Plötzlich bemerkte er eine Bewegung neben sich und drehte sich in dem Augenblick zum Fenster um, als es zersplitterte. Glassplitter regneten in den Raum. Er ging in die Hocke und legte die Arme schützend vors Gesicht. Dann prallte etwas gegen ihn, und hätte er sich nicht mit einer Hand abgestützt, wäre er beinahe erneut zu Boden gegangen. Er stieß sich ab wie beim Hundertmeterlauf, wollte losrennen, doch dann schloss sich eine Hand um seinen Fuß und zerrte so fest daran, dass er mit dem Gesicht voran auf den Teppich fiel. Er trat um sich und wandte sich dem neuen Angreifer zu: ein Fremder in Jeans und einem grünen Latitude-T-Shirt hatte beide Hände um Bennys Bein gelegt. Sein Gesicht– blutverschmiert und mit Glasscherben bedeckt– war zu einer Grimasse blanker Wut verzerrt.

Der Mann zog Benny zu sich heran wie ein Angler einen Fisch am Haken. Claire hatte sich inzwischen von Crapper befreit. Der Hund rannte heulend in Kreisen durch den Raum, das Weiße in seinen Augen schien das Hellste im Raum überhaupt zu sein. Seine Mum war ebenfalls wieder auf den Beinen, und eine weitere Person versuchte, durch das Fenster einzusteigen– der schon über siebzig Jahre alte Mr. Porter, dessen vom grauen Star getrübte Augen hasserfüllt funkelten. Seine Hände waren so fest zu Fäusten geballt, dass die Knöchel weiß hervortraten.

Benny wollte sich herumdrehen, doch der Mann war zu stark. Seine Finger bohrten sich wie Metallstäbe in sein Fleisch. Er zog mit aller Kraft, schon hatten seine Finger beinahe Bennys Knie erreicht.

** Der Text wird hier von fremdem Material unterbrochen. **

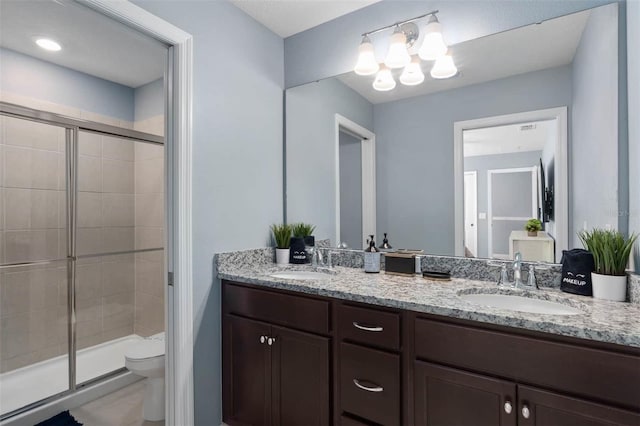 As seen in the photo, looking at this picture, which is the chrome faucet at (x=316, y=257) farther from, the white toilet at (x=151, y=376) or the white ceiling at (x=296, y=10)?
the white ceiling at (x=296, y=10)

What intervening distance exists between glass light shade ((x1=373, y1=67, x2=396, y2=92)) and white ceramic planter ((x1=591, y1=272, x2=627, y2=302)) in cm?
136

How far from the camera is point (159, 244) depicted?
120 inches

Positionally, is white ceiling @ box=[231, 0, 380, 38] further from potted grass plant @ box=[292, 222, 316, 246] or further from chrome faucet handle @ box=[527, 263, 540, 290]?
chrome faucet handle @ box=[527, 263, 540, 290]

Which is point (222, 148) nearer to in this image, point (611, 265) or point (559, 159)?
point (559, 159)

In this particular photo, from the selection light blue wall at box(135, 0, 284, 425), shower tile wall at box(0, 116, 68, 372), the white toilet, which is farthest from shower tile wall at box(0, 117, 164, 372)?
light blue wall at box(135, 0, 284, 425)

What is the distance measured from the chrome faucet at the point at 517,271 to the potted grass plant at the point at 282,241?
1262mm

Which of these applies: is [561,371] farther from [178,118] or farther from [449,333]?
[178,118]

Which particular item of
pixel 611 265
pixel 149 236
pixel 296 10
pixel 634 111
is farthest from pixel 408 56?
pixel 149 236

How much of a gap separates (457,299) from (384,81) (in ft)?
4.30

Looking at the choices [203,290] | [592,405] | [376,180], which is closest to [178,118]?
[203,290]

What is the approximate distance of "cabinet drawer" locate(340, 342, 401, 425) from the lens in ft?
4.09

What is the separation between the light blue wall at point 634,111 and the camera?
1180 mm

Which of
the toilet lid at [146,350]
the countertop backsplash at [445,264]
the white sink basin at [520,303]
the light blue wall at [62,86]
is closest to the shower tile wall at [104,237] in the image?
the light blue wall at [62,86]

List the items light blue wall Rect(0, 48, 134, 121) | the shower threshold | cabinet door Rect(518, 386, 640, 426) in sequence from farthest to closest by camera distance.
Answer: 1. light blue wall Rect(0, 48, 134, 121)
2. the shower threshold
3. cabinet door Rect(518, 386, 640, 426) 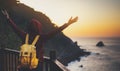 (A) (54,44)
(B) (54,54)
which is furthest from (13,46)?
(A) (54,44)

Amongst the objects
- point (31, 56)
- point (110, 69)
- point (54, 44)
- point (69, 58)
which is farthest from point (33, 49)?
point (69, 58)

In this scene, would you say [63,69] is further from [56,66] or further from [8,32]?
[8,32]

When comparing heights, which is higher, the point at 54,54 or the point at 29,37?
the point at 29,37

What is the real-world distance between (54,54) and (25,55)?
0.70 metres

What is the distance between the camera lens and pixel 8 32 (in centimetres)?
1903

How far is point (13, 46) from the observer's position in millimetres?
18891

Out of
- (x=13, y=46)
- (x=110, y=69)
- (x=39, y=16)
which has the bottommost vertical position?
(x=110, y=69)

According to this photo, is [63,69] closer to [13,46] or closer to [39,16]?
[13,46]

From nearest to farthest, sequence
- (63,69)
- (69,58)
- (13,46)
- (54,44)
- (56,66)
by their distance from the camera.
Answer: (63,69) < (56,66) < (13,46) < (54,44) < (69,58)

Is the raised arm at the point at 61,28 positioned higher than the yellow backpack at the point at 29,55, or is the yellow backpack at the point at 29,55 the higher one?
the raised arm at the point at 61,28

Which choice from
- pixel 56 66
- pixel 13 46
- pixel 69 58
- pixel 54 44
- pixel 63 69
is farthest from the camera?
pixel 69 58

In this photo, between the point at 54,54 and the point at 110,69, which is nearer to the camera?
the point at 54,54

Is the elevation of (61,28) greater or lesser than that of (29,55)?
greater

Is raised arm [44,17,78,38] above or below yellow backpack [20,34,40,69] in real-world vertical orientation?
above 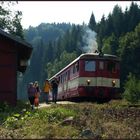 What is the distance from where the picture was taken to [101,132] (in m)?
13.6

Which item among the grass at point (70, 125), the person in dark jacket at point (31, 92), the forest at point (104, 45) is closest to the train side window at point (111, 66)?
the person in dark jacket at point (31, 92)

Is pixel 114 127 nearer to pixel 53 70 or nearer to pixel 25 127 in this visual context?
pixel 25 127

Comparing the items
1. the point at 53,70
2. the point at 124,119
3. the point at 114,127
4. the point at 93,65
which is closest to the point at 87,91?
the point at 93,65

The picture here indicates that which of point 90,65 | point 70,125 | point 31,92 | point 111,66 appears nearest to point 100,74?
point 90,65

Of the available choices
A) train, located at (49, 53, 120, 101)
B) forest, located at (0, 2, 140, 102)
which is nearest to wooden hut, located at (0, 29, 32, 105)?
train, located at (49, 53, 120, 101)

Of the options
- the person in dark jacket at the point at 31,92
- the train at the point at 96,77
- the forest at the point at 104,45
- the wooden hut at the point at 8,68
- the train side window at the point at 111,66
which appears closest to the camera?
→ the wooden hut at the point at 8,68

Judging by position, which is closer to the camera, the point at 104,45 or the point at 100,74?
the point at 100,74

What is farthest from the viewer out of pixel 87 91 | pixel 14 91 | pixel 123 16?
pixel 123 16

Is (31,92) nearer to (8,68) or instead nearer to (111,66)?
(8,68)

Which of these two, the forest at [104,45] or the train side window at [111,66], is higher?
A: the forest at [104,45]

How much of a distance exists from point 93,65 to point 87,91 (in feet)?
5.51

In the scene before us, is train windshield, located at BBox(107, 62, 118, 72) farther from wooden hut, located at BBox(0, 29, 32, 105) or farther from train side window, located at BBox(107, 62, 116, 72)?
wooden hut, located at BBox(0, 29, 32, 105)

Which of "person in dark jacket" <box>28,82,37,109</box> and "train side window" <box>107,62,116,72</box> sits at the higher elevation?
"train side window" <box>107,62,116,72</box>

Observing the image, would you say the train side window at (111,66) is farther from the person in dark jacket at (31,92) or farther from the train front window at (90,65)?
the person in dark jacket at (31,92) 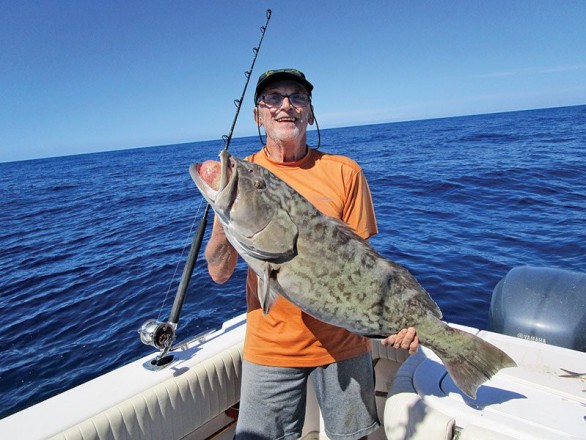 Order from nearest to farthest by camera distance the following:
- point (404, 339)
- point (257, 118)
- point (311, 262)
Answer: point (311, 262) → point (404, 339) → point (257, 118)

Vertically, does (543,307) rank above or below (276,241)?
below

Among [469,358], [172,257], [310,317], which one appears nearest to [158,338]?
[310,317]

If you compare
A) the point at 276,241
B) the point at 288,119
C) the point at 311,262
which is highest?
the point at 288,119

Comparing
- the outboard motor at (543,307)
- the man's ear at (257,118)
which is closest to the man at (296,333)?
the man's ear at (257,118)

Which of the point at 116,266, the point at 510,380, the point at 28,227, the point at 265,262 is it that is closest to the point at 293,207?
the point at 265,262

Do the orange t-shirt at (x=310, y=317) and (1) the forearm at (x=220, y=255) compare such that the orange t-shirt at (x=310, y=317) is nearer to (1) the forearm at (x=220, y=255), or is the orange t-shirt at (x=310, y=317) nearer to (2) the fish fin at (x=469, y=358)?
A: (1) the forearm at (x=220, y=255)

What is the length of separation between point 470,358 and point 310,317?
1245mm

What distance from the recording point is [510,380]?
130 inches

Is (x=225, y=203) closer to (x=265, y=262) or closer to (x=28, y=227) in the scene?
(x=265, y=262)

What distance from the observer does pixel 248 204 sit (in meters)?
2.42

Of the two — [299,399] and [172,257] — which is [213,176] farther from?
[172,257]

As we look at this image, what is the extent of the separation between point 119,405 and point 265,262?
170 cm

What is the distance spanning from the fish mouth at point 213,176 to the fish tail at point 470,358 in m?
1.94

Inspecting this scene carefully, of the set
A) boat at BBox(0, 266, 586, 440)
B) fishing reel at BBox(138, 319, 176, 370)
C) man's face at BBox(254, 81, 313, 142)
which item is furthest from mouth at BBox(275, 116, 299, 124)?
boat at BBox(0, 266, 586, 440) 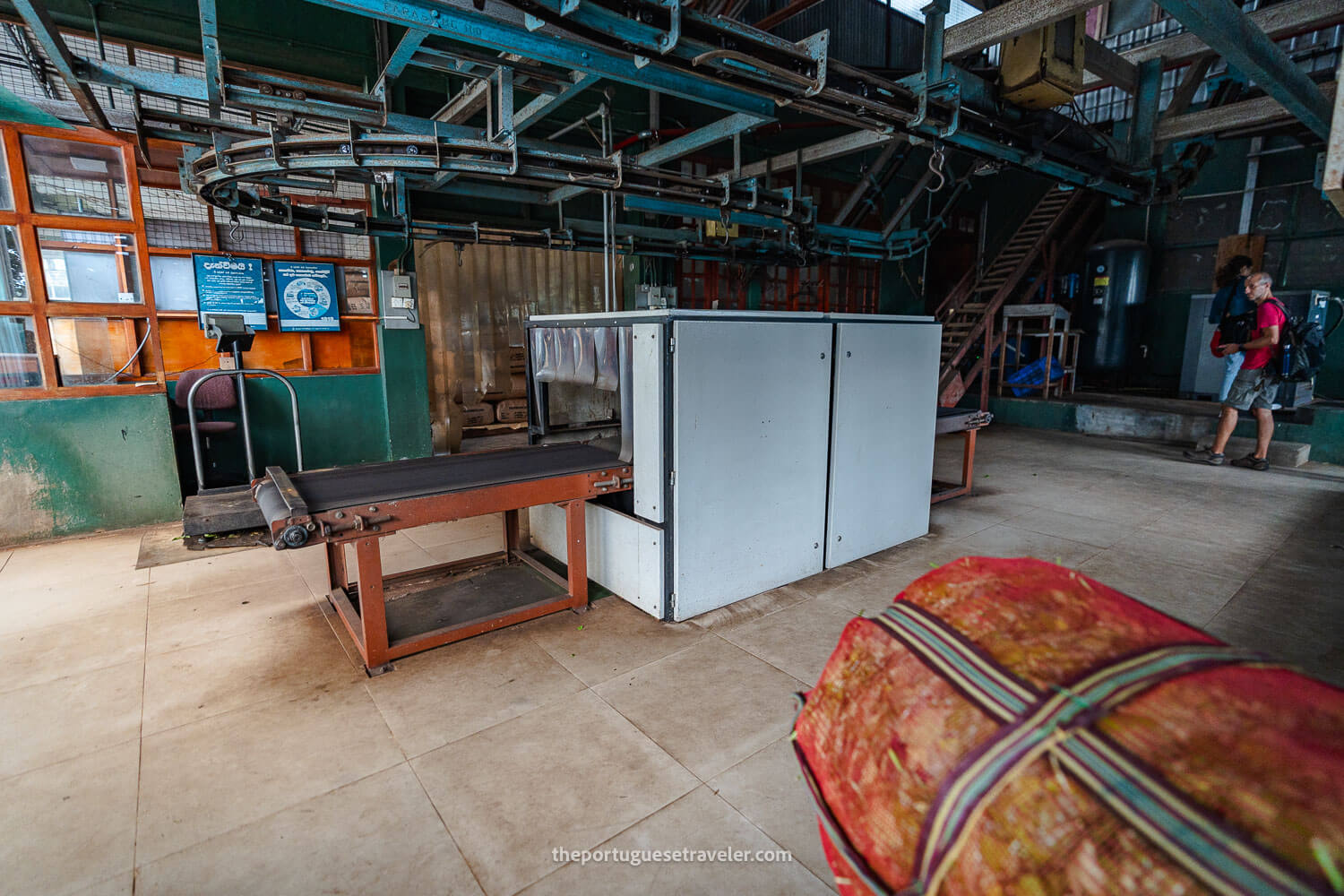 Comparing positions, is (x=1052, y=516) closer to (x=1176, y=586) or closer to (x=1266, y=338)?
(x=1176, y=586)

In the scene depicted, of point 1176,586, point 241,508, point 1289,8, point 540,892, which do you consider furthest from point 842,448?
point 1289,8

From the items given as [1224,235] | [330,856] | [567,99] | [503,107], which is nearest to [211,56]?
[503,107]

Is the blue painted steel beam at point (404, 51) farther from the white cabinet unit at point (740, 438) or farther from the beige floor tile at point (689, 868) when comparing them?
the beige floor tile at point (689, 868)

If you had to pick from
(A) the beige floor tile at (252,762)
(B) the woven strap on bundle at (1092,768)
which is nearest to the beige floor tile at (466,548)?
(A) the beige floor tile at (252,762)

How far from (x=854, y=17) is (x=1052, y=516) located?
8.18 meters

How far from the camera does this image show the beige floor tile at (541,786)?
1.77m

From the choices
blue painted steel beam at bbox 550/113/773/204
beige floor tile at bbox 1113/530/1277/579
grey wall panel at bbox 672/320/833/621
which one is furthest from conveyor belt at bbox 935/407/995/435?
Answer: blue painted steel beam at bbox 550/113/773/204

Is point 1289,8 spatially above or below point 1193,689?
above

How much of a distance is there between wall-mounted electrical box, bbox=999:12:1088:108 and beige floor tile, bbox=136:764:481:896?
523cm

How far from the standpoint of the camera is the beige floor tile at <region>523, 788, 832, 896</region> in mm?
1637

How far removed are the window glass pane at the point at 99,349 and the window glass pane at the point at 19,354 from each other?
112 mm

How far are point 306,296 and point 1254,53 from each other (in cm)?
707

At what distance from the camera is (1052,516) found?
475cm

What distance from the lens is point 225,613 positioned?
3.25 m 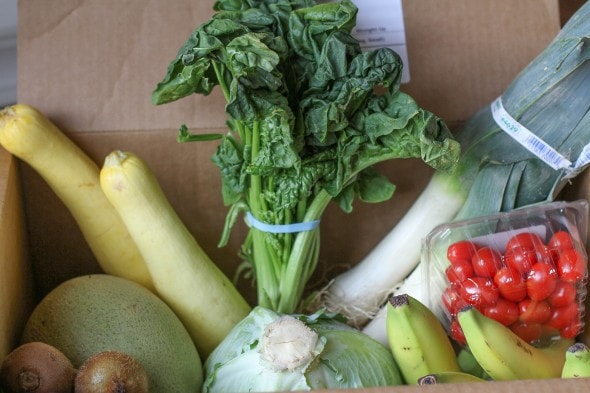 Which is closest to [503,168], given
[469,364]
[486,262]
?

»Mum!«, rief er. »Hör auf! Hör auf damit!«

Sie warfen sich alle gleichzeitig auf ihn, sie waren so schwer, dass er das Gefühl hatte, von ihnen in ein dunkles Grab gerissen zu werden. Er schlug um sich, doch irgendwann konnte er seine Beine nicht mehr bewegen. Dann landete etwas Schweres auf seinem Rücken. Dicke Finger schlossen sich um seinen Hals, drückten gegen seine Luftröhre, sodass er nur noch pfeifend atmen konnte. Er ließ den Kopf zurückschnellen, versuchte, die Hände abzuschütteln, und sah, wie zwei weitere Personen durch das eingeschlagene Fenster stiegen, verschwommene Silhouetten im Sonnenlicht. Sie drängten sich in den engen Raum, schlugen, kratzten, traten, bissen. Bis auf ihr schweres Atmen und das blecherne Lachen aus dem Fernseher war nichts zu hören.

Dann traf etwas viel Härteres als eine Faust seinen Hinterkopf, und es wurde dunkel um ihn. Er konnte die Schläge noch hören, sie aber nicht mehr spüren. Er schloss die Augen, ließ sich dankbar in eine angenehme Benommenheit sinken, ließ Schmerz und Verwirrung hinter sich…

Es hörte so plötzlich auf, wie es begonnen hatte. Er wollte atmen, konnte jedoch nicht. In den letzten Sekunden seines Lebens hörte Benny, wie sich die Hintertür öffnete, hörte die Schritte von feuchten Schuhen, hörte das Knarren des Korbstuhls, als sich seine Schwester wieder setzte, hörte den Hund winseln.

Und dann– ganz unglaublich– füllte seine Mum in der Küche den Teekessel.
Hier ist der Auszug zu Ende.